I don’t know whether Assange has been baptized, but a proper choice of saint for him would be St. Julian of Antioch, who was martyred during Emperor Diocletian’s persecution of Christians between 303 and 313 AD. Julian was stuffed into a sack filled with sand, vipers and scorpions and dumped in the sea. Diocletian’s initiative was a failure: the son of one of his lieutenants, Constantine, not only canceled the persecution of Christians but made Christianity into Roman Empire’s state religion. He then moved its capital to New Rome (Constantinople), abandoning Old Rome to languish in the Dark Ages while his New Rome went on for a thousand glorious years.
Should Julian Assange end up martyred by the Americans, we can expect a vaguely similar result: future generations of Americans will say: “There once was a great journalist by the name of Julian. He died as a martyr for the truth. It was a long time ago, and we don’t know what’s been happening to us since then, because all we have been hearing ever since have been nothing but lies…”

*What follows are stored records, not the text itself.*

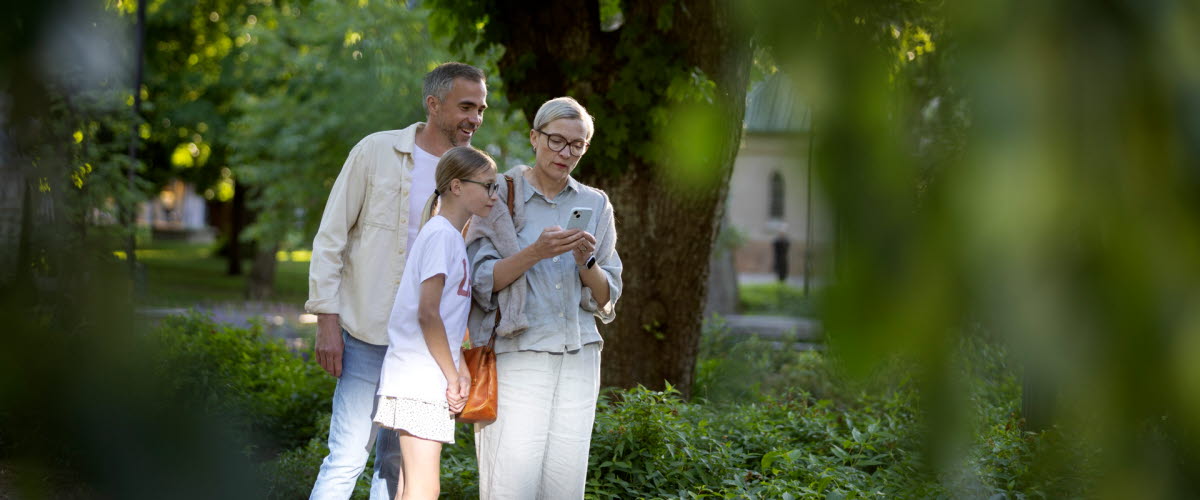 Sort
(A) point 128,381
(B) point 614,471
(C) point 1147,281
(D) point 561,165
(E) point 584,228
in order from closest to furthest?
(C) point 1147,281, (A) point 128,381, (E) point 584,228, (D) point 561,165, (B) point 614,471

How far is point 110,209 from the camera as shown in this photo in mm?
481

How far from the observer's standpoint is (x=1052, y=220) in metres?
0.36

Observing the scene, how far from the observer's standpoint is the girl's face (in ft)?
11.0

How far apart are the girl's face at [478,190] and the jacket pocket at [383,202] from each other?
426 millimetres

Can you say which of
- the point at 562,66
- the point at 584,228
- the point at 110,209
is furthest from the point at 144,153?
the point at 562,66

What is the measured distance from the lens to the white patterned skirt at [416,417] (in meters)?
3.35

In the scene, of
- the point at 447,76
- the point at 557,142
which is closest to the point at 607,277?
the point at 557,142

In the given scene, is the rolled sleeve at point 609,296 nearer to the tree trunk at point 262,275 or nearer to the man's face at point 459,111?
the man's face at point 459,111

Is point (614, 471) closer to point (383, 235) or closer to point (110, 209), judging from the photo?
point (383, 235)

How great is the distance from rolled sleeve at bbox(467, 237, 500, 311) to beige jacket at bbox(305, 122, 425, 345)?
338 mm

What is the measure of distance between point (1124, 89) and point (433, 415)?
3.15 m

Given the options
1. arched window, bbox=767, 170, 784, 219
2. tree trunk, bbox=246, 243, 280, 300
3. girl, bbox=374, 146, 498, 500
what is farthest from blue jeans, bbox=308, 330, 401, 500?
tree trunk, bbox=246, 243, 280, 300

I think this post by Orlov goes to the heart of the matter. A
civilization collapse is, in the end, a collapse of trust. An empire, a
state, a family, any social structure, can be rich or poor, powerful or
weak, new or old, happy or sad, but if there is no trust keeping it
together it cannot exist for long, it is like a solid turning into a gas
when the chemical bonds keeping the atoms together are not strong
enough. It is what happened to the Roman Empire, it is what’s happening
to us. As Matthew says, “Every kingdom divided against itself is brought
to desolation, and every city or house divided against itself shall not
Ultimately, trust is based on truth. Without truth, there cannot be trust. In Roman times, the fight of Christianity against the Empire of Lies was more than everything else a fight to rebuild trust by establishing a new truth, the revealed one. I wrote in a previous post that:
Augustine and other early Christian fathers were engaged, first of all, in an epistemological revolution. Paulus of Tarsus had already understood this point when he had written: “now we see as in a mirror, darkly, then we’ll see face to face.” It was the problem of truth; how to see it? How to determine it? In the traditional view, truth was reported by a witness who could be trusted. The Christian epistemology started from that, to build up the concept of truth as the result divine revelation. The Christians were calling God himself as witness. In the name of truth, the Christian martyrs (a Greek term meaning “witness”) were willing to give their life, to die vilified and tortured in the most gruesome manners. It was the courage of the early martyrs that eventually brought down the zombie creature that the once great Roman Empire had become.
And now? We are rapidly entering a phase when the lies told to us by our governments and our elites are so huge, so pervasive, so blatant to qualify as diabolical. But in the great confusion of our times even the good among us are confused, they can’t discern the truth anymore. And the time may have come when we need a new generation of Martyrs for truth is needed.